La Pepa echaba mano a la faltriquera, y sacando una peseta roñosa:
—Usted tome... Una cajetilla compre...
Cuando las pesetas de la Pepa escaseaban —y aunque no escaseasen— Botello recurría a colarse en la habitación del portugués, no bien le oía restallar el fósforo para encender el cigarro; y entre bromas y veras, la mitad de la cajetilla pasaba al bolso del bohemio. Acostumbrado el portugués al carácter y modos de Dumillas (de quien aseguraba con profunda fe que era muito artista), no se formalizaba jamás ni por sus guasas, ni por sus merodeos y depredaciones. Al contrario, diríase que las travesuras de Botello despertaban en el médico guitarrista afecto y benevolencia inexplicables. Y cuidado que a veces las jugarretas del bohemio pasaban de castaño obscuro. Citaré una para muestra.
Obligado el portugués a hacer visitas y presentar recomendaciones para activar el despacho de su asunto, encargó un ciento de tarjetas muy satinadas y litografiadas, donde en preciosa letra cursiva se leía su nombre: «Miguel de los Santos Pinto». Acertó a verlas Botello, y nos las fué enseñando por todos los cuartos, asombrándose de que tuviese tan pocos apellidos un portugués. Él quería añadir cuando menos: «Teixeira de Vasconcellos Palmeirim Junior de Santarem do Morgado das Ameixeiras», para que estuviese en carácter. Se lo quitamos de la cabeza; pero fué todavía peor lo que se le ocurrió después. Escamoteándome la pluma topográfica y la tinta china que yo usaba para mis planos y mis dibujos, escribió delicadamente debajo del «Miguel de los Santos Pinto» esta coletilla: «Corno de Boy». A fin de no molestarse en añadirlo a todas las tarjetas, hízolo sólo con veinticinco, escondiendo las restantes. Al otro día justamente salió de visiteo el lusitano, y repartió diez o doce de las tarjetas adicionadas por Botello. El domingo siguiente encontrose en la calle del Arenal a un conocido, que le detuvo y le preguntó sofocando la risa:
—Pero don Miguel, ¿usted se llama efectivamente Corno de Boy? ¿Hay en su país de usted ese apellido?

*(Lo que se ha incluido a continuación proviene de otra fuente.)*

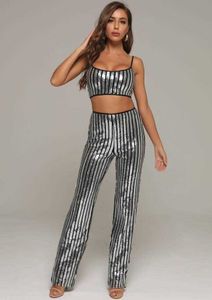 Vrouwen kleding set sexy sparkly twee stukken gestreepte partij beroemdheid bandage crop tops boot cut broek broek 210527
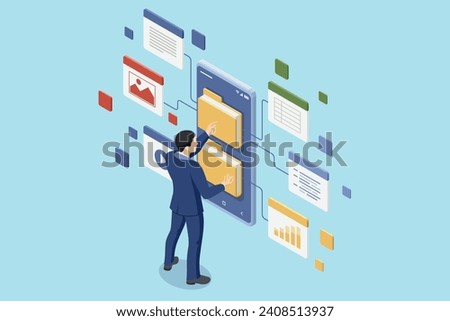 Isometric Online documentation database and digital file storage system or software. Archive managing online digital database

—¿Yo? —respondió amoscado el lusitano—. Yo mi llamo Santos Pinto nada más.
—Pues mire usted esta tarjeta.
—A ver... a ver... —murmuró el pobre hombre—. ¡Y dis eso! —exclamó atónito al leer la coletilla.
—Será alguna equivocación del litógrafo —indicó maliciosamente el amigo. Pero don Miguel no se la tragó, y apenas llegado a casa enseñó la tarjeta a Botello, pidiéndole estrecha cuenta del desaguisado. Tan calurosas protestas de inocencia hizo el grandísimo truhán, que logró convertir hacia mí las sospechas.